The barrage of better than expected economic data witnessed in October continued through November and into the early days of December. With the improvement in growth, investor confidence has risen markedly from the doom and gloom days of the government shutdown. Reflecting the improved confidence, bond prices fell off and equity markets rallied. .
As we anticipated at summers end, investors have reversed their aversion to credit and have been buying the various sectors despite the downward price action of government debt. In addition to a heightened risk appetite, positive news on municipal finance also contributed to the improvement in credit. Specifically, the State of Illinois, after decades of fiscal mismanagement passed legislation designed to bolster their woefully underfunded state pension plan. While the governor has said he will sign the bill into law when it arrives at his desk, union officials representing future retirees said they intend to fight the agreement in court. They claim the action violates the Illinois constitution which states that the pension “shall not be diminished or impaired.” The unions may be fighting an uphill battle in proving diminishment or impairment. To improve the funding of the pension, the proposal would reduce the annual cost of living adjustment and increase the retirement age for workers hired on a go-forward basis; arguably, neither impairs the current value of the fund. Following the announcement, 30-year Illinois bonds rallied and have continue to improve in secondary trading. Given that positive outcome, we expect other municipalities to follow suit to bolster their pension obligation, thereby improving their credit profile. We continue to see the municipal bond market as the most undervalued sector of the bond market.

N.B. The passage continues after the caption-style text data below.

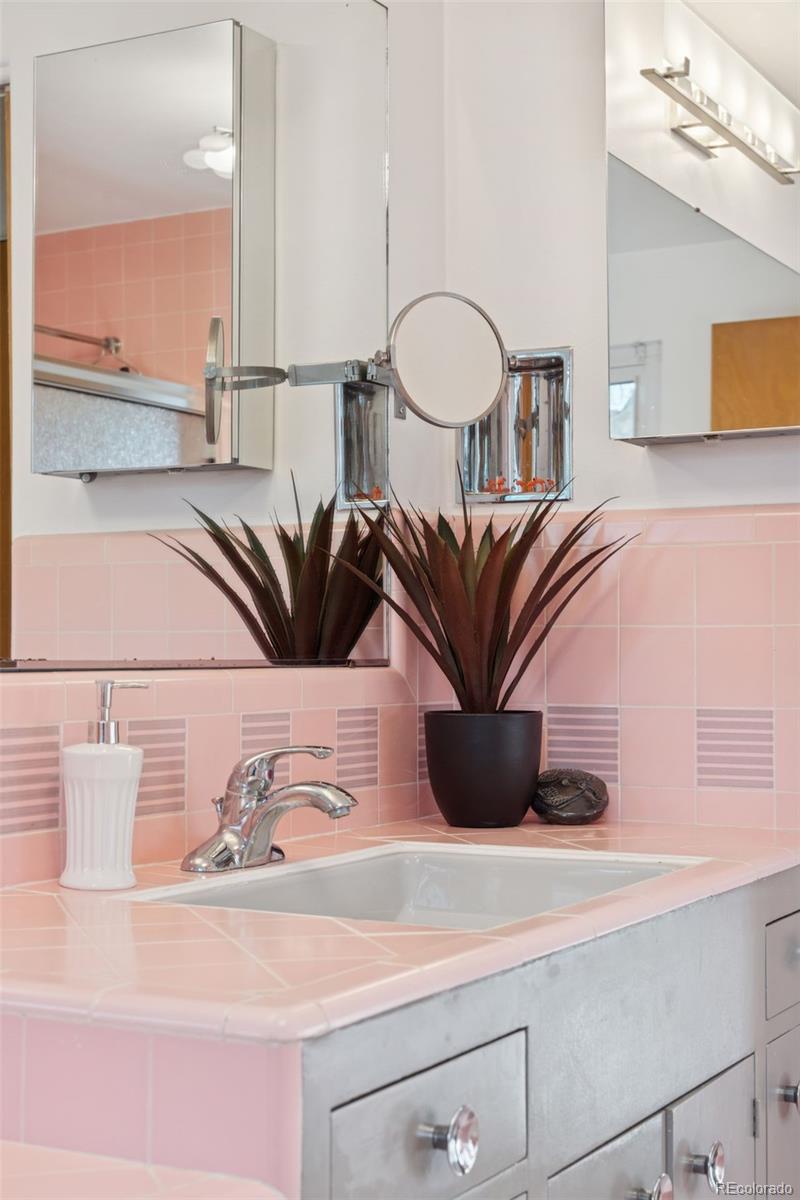MLS Image #25 for 17  hillside drive,wheat ridge, Colorado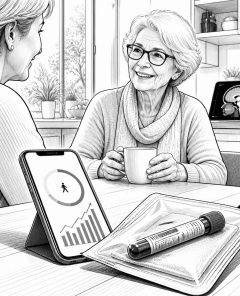 ai-demenzpraevention-lebensstil-bluttests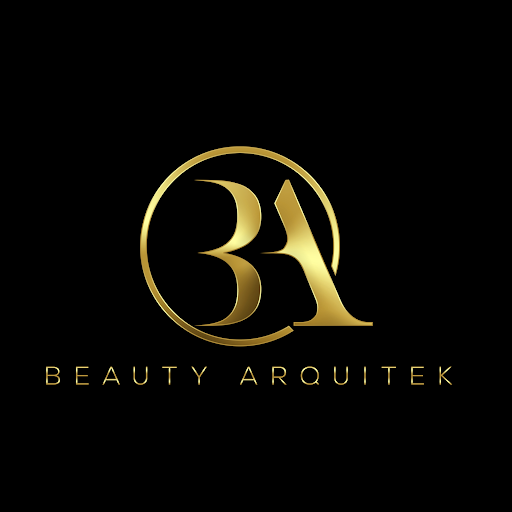 Beauty Arquitek LLC.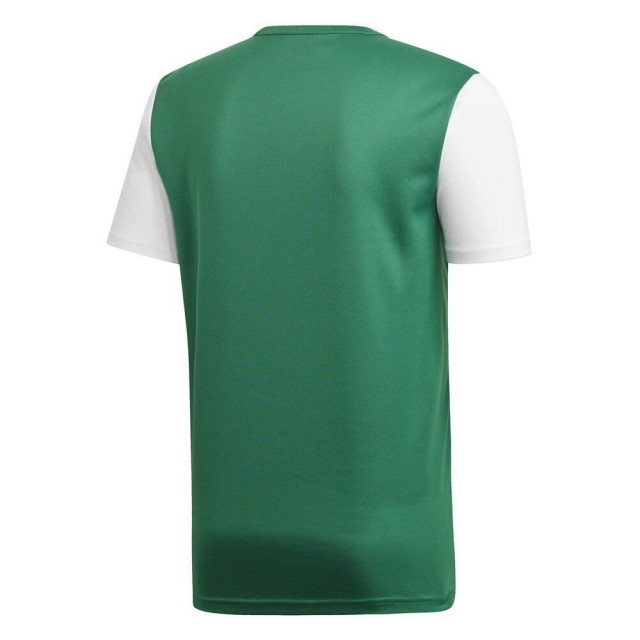 Adidas Kinder/kids estro 19 voetbaltrui UTMR251_green large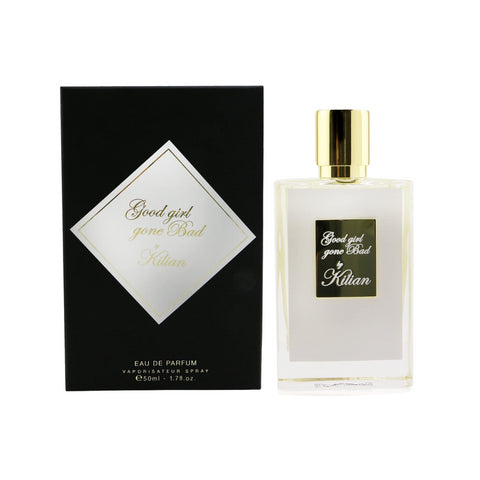 KILIAN Good Girl Gone Bad EDP 50ml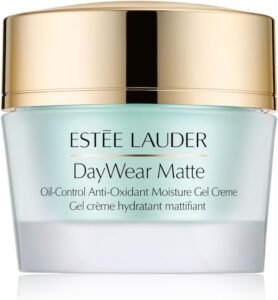 Estee Lauder DayWear Matte Gel Creme, 50ml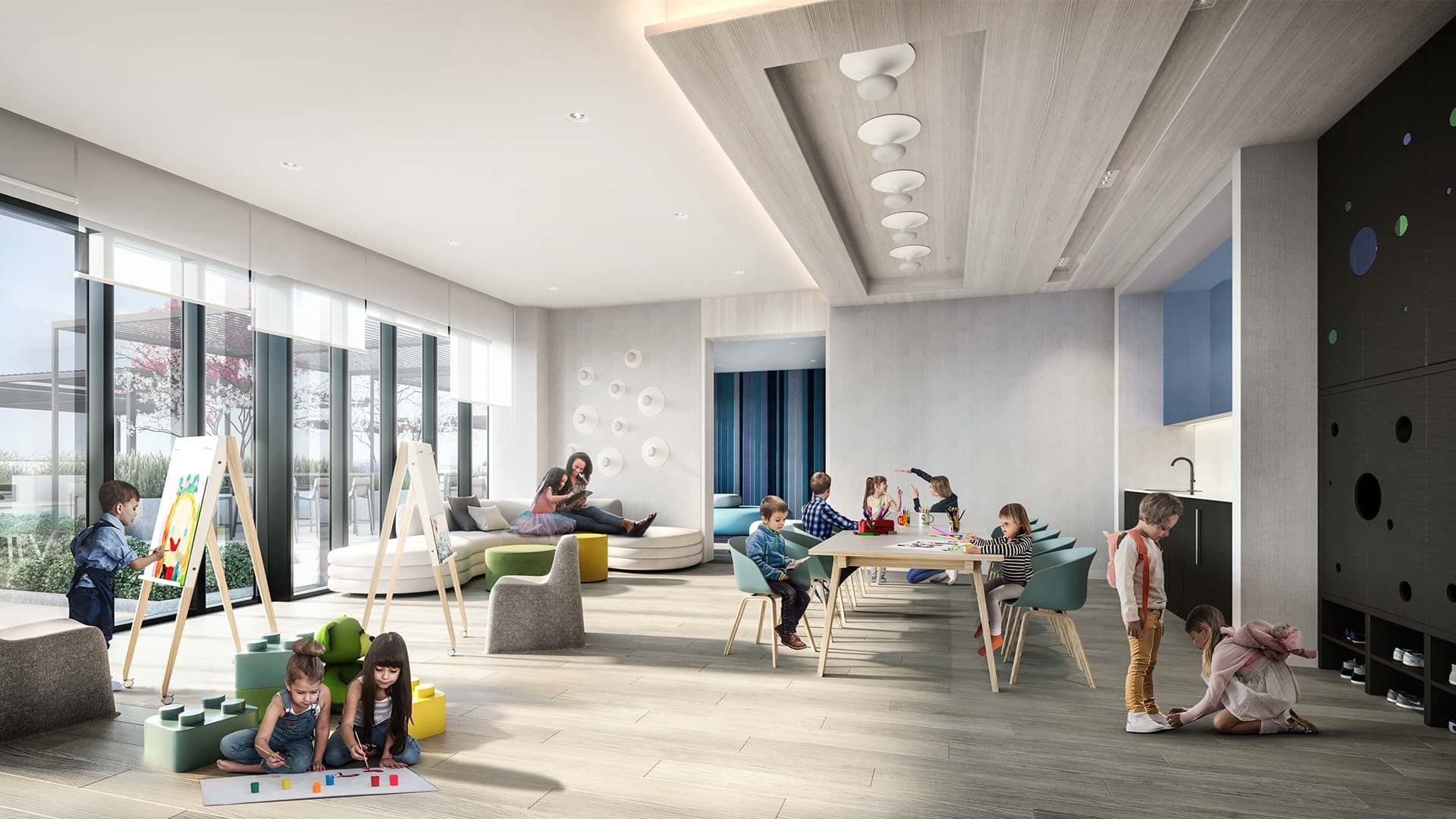 The Dupont Condos - Image 20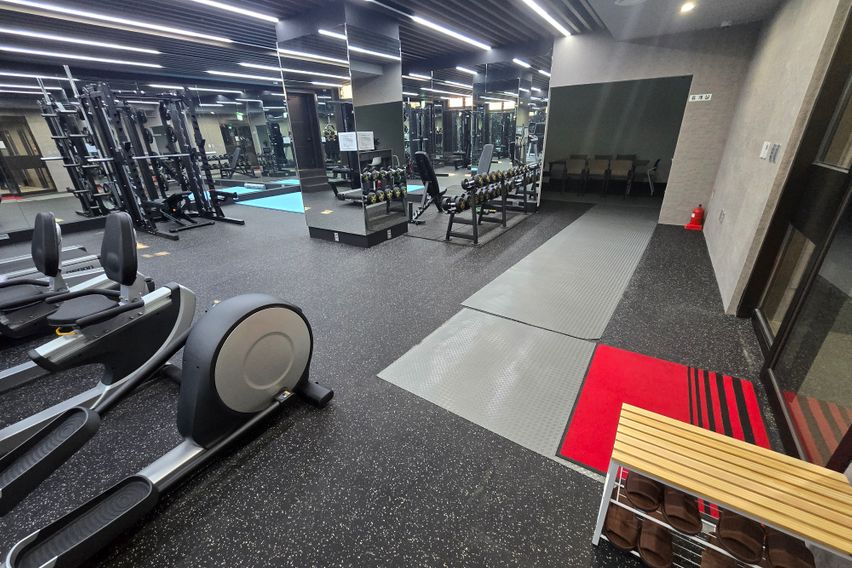 주차O 역삼역오피스텔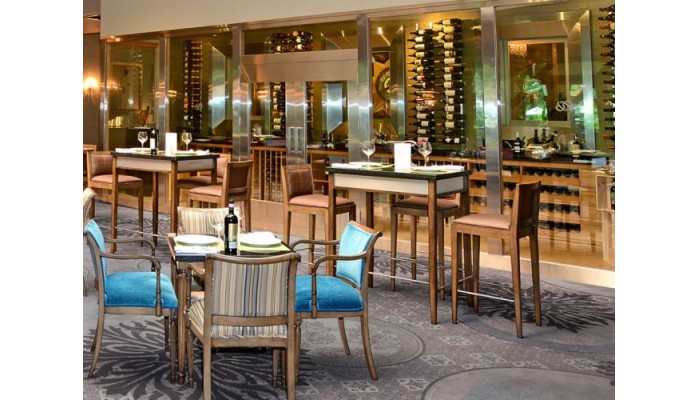 El Embajador Royal Hideaway Hotel poza 3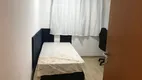 Foto 18 de Apartamento com 2 Quartos à venda, 55m² em Centro, Nova Iguaçu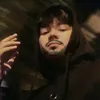 ibrahiimdenantaal
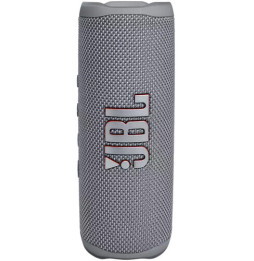 Enceinte Bluetooth portable JBL Flip 6 Gris (6925281993008)
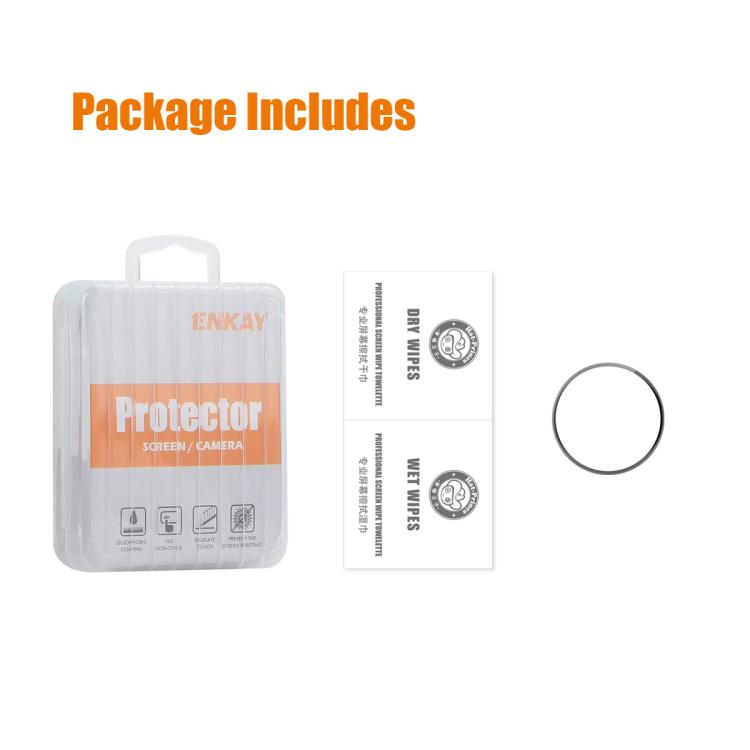 SYA002301407_6.jpg@16c445f79aa0185ae89aab72823dd38b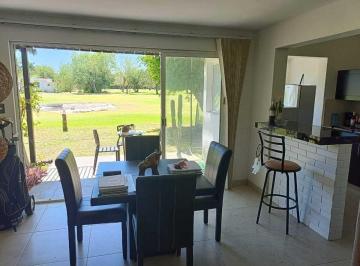 2389c48ec2be9d07a9f3dec75887b6c87e98f2912185c644901398cb1b97fcf4 · Departamento en Venta en Pb en Club de Golf La Ceiba, Yucatan
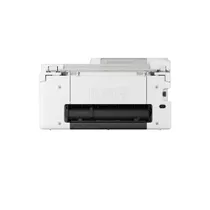 Canon PIXMA TS7750i Tintenstrahl Multifunktionsdrucker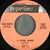 Dean Martin - Everybody Loves Somebody / A Little Voice - Reprise Records - 281 - 7", Single, Styrene 1050256498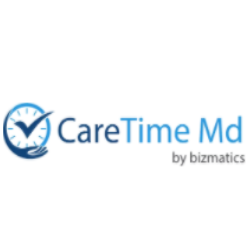 CareTimeMD gallery image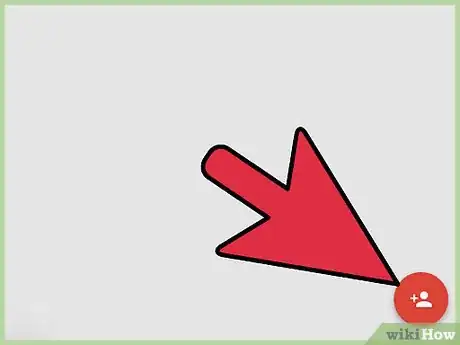 Image titled Change Google Voicemail Step 20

As mentioned in the first paragraph, economic activity continues to accelerate, with housing and job growth leading the way. Following strong job growth in October, economists were surprised with the continued strength witnessed in the November report. In addition to the second consecutive 200,000 job gain, labor force participation increased and the unemployment rate fell to 7.0% from 7.3%. The 7% unemployment rate is especially important since the Fed said at the June press conference that they expected to have concluded secondary market purchases when unemployment rate fell to that level. That puts the Federal Reserve and their maintenance of emergency easy-money policy in an awkward position. As we described last month, the Fed does not like to change policy in December due to diminished volume and the accompanying risk of outsized volatility. Just hours after the release of the employment report Wall Street economists were handicapping the odds of a taper announcement at the December 18th FOMC meeting at 50/50. With that date only a week away and coming with just eight trading days left in the year, Chairman Bernanke certainly must be regretting his decision to postpone the taper announcement back in September. Despite the challenge of the calendar, equity investors took the news of better than expected employment as good news for earnings and rallied the market sharply.
The favorable unemployment news came one day after Q3 GDP was revised from 2.8% to an “eye-popping” 3.6%. Much of the revision was attributable to an increase in inventories, which could potentially weigh on Q4 GDP if those goods are simply being restocked. However, if those goods were produced in anticipation of heightened sales, that could portend a strong economic outturn.